Physics has a lot of tradition and parallel layers of history still alive and often the absolutely necessary is used/displayed only (no sledgehammer for flies does apply).

You might need to opt for some advanced topics to get what you seek here. When advanced math becomes necessary it's customary to explain the less advanced parts again in the new context.
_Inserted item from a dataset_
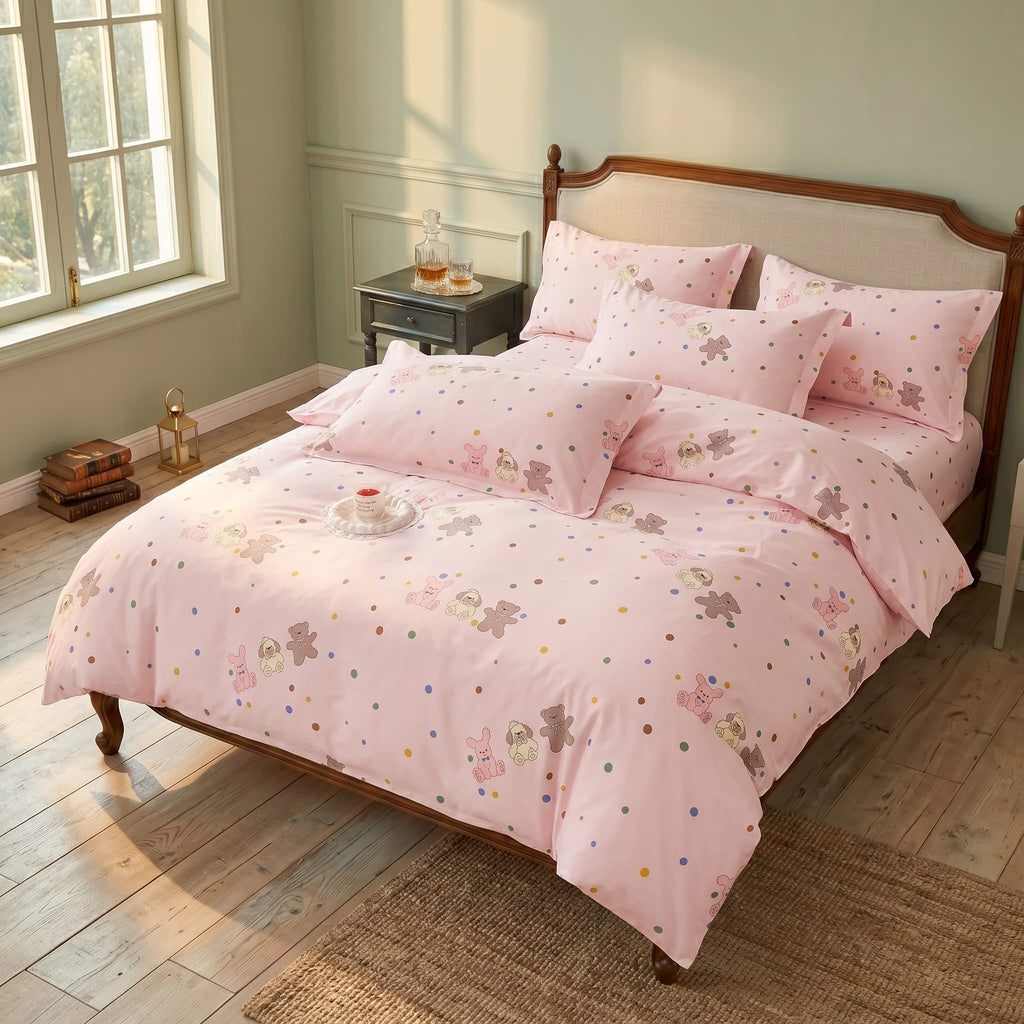 Pościel bawełniana różowa w misie 160x200 3 el. Lunelle Teddy Pink m1853 - Lunatis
... though likely you'll still get math-by-phisics at higher level too, so better be preparedo0)
 
  • #33
George Jones said:
At your university, why are physicists in the math department?
In some countries theoretical physics is part of applied mathematics and in the math departments.
 
  • #34
George Jones said:
At your university, why are physicists in the math department?
brain fart, meant professors in the physics department.
 
  • #35
@TurtleKrampus There's a branch of physics called mathematical physics whose purpose is to formulate theories of physics by fully respecting the rigors of various branches of mathematics. It's not at all compulsory, or should I say it's not very common that universities have staff doing research and teaching in mathematical physics. Therefore, for lectures delivered to students, most of the staff use the "standard semi-rigor" of physics textbooks.

For example, none of the exposé here https://en.wikipedia.org/wiki/Ehrenfest_theorem uses the methods of mathematical physics. The theorem of Ehrenfest was proven within the realm of mathematical physics only in 2009 by Friesecke and Schmidt. arXiv:1003.3372v1.

Returning to your dismay, there are, if you want to learn theories of physics properly using mathematics, you can very well do so by opting to books instead of lecturers. For example, classical mechanics is neatly covered either by Abraham & Marsden or by V. Arnol'd, I don't think there's anything sketchy or less rigorous in their books.